Daha sonra yine bir uzun süreli ilişkim oldu iki yıllık. Çok iyi arkadaş gibiydik ama cinsellik bana onunla çekici gelmiyordu. Başkasıyla olmak istediğimi fark ettim ve ona mesaj attım yurt dışındayken. Türkiye'ye dönünce diğer çocuktan ayrıldım artık yapamıyorum diye.
Daha sonra bir çocukla daha flörtüm oldu. Onunla da iki üç haftalık sevgiliydik artık. Başka birisi bana ilgi. Göstermeye başladı. Çok tutkulu hissediyordum. Diğerinden ayrıldım ben başkasından etkilendim diye. Bu da kısa süreli bi ilişkiydi henüz yolun başındayken diğerini tercih ettim bitirdim.
Ben açık sözlü davrandım ama aldatma aldatmadır bence. Sadece bu yalanları sürdürmedim ve tak diye bitirdim o yüzden vicdanım hep rahattı.

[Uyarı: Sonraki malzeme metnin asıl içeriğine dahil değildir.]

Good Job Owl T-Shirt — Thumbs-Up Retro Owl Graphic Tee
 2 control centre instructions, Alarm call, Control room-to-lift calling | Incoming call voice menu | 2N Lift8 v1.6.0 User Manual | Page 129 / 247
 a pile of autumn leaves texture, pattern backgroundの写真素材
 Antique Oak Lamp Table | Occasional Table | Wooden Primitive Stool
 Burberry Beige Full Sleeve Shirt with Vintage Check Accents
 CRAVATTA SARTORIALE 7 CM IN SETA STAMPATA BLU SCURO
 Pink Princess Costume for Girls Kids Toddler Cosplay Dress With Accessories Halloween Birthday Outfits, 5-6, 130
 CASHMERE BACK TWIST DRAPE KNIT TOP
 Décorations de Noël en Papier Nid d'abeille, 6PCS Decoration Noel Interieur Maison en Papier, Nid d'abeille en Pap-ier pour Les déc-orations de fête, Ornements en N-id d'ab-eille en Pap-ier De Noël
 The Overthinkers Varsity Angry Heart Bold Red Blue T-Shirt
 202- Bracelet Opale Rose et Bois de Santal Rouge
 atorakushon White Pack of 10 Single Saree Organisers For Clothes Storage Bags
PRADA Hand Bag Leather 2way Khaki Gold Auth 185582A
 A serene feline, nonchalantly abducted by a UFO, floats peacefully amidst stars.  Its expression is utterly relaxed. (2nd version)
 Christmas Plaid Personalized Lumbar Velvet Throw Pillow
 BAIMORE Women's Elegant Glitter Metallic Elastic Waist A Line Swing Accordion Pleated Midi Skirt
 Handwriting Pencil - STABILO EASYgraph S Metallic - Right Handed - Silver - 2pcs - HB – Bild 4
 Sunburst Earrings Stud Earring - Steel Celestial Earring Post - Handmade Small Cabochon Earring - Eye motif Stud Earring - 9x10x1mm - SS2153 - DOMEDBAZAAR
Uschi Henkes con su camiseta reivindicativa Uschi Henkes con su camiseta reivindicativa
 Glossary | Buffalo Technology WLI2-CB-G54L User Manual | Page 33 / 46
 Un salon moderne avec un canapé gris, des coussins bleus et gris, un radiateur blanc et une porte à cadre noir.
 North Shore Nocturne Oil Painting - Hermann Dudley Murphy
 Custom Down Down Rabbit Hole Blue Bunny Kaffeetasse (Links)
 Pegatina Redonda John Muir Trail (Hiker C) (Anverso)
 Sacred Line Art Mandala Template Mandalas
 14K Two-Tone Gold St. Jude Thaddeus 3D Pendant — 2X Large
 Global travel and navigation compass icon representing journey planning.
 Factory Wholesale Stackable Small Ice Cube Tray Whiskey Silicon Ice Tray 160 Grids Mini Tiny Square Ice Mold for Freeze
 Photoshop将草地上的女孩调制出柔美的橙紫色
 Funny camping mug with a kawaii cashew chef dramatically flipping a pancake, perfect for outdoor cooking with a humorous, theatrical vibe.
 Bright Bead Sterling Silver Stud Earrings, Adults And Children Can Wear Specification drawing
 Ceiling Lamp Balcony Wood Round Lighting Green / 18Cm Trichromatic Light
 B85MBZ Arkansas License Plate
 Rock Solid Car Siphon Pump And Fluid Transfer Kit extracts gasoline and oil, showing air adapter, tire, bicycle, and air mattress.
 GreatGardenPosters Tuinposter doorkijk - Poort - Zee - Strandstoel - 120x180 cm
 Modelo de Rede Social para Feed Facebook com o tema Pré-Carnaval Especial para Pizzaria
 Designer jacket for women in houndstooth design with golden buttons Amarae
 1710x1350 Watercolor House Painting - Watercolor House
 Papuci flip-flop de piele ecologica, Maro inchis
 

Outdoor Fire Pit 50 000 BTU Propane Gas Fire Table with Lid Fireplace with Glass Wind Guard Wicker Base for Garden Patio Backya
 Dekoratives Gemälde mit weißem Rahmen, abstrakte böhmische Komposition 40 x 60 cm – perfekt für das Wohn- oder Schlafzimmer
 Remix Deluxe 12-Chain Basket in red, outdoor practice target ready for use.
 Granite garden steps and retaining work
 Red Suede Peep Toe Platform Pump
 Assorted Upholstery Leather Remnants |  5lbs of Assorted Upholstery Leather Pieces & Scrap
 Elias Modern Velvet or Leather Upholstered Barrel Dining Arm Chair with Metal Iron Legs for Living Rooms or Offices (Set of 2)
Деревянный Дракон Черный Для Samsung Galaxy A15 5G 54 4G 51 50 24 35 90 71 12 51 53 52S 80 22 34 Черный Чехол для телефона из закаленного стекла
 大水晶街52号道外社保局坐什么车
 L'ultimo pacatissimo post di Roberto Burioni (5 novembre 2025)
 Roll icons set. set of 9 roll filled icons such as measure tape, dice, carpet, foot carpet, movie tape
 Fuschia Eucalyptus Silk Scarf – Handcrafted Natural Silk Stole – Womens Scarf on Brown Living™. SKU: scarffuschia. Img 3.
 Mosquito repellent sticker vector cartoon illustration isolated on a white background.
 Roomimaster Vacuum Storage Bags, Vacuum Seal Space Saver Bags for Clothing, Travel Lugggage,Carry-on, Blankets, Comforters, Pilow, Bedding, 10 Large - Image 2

Daha sonra kader mi dersiniz karma mı dersiniz ne dersiniz bilmiyorum. Son ilişkimde çok kazık yedim. Onunla gelecek göremediğim için ayrılmıştım. 2 senelikti o da. Ben ayrıldıktan ertesi gün başkasıyla birlikte olduğunu gördüm. Hesapları bende açıktı ama unutmuş bende açık kaldığını. Neyse sonra benle barışmak istedi benim bildiğimi farkedince. Vicdan azabı heralde. Halbuki ben ayrılmıştım. Ama o geri döndü. Onun yaptığı aldatmak değildi, ama bilemiyorum belki benleyken de o kızla görüşmüş olabilir. Bunu hiç öğrenemedim. Bana çok fazla yalanlar söyledi, daha sonrasında ben aldatıldığıma dair bir kaç şey yakaladım. Çok kötü aylar geçirdim. Bazen karma acısını çıkardı diyorum. Nişana bi kaç hafta kala ayrıldık ben düzeltmeye uğraştım o istemedi falan.. yemeden içmeden kesildim. Yaptıklarımın acısı çıkmış olabilir.
Not: şuan nişandan döndüğüm kişiyle hala görüşüyoruz.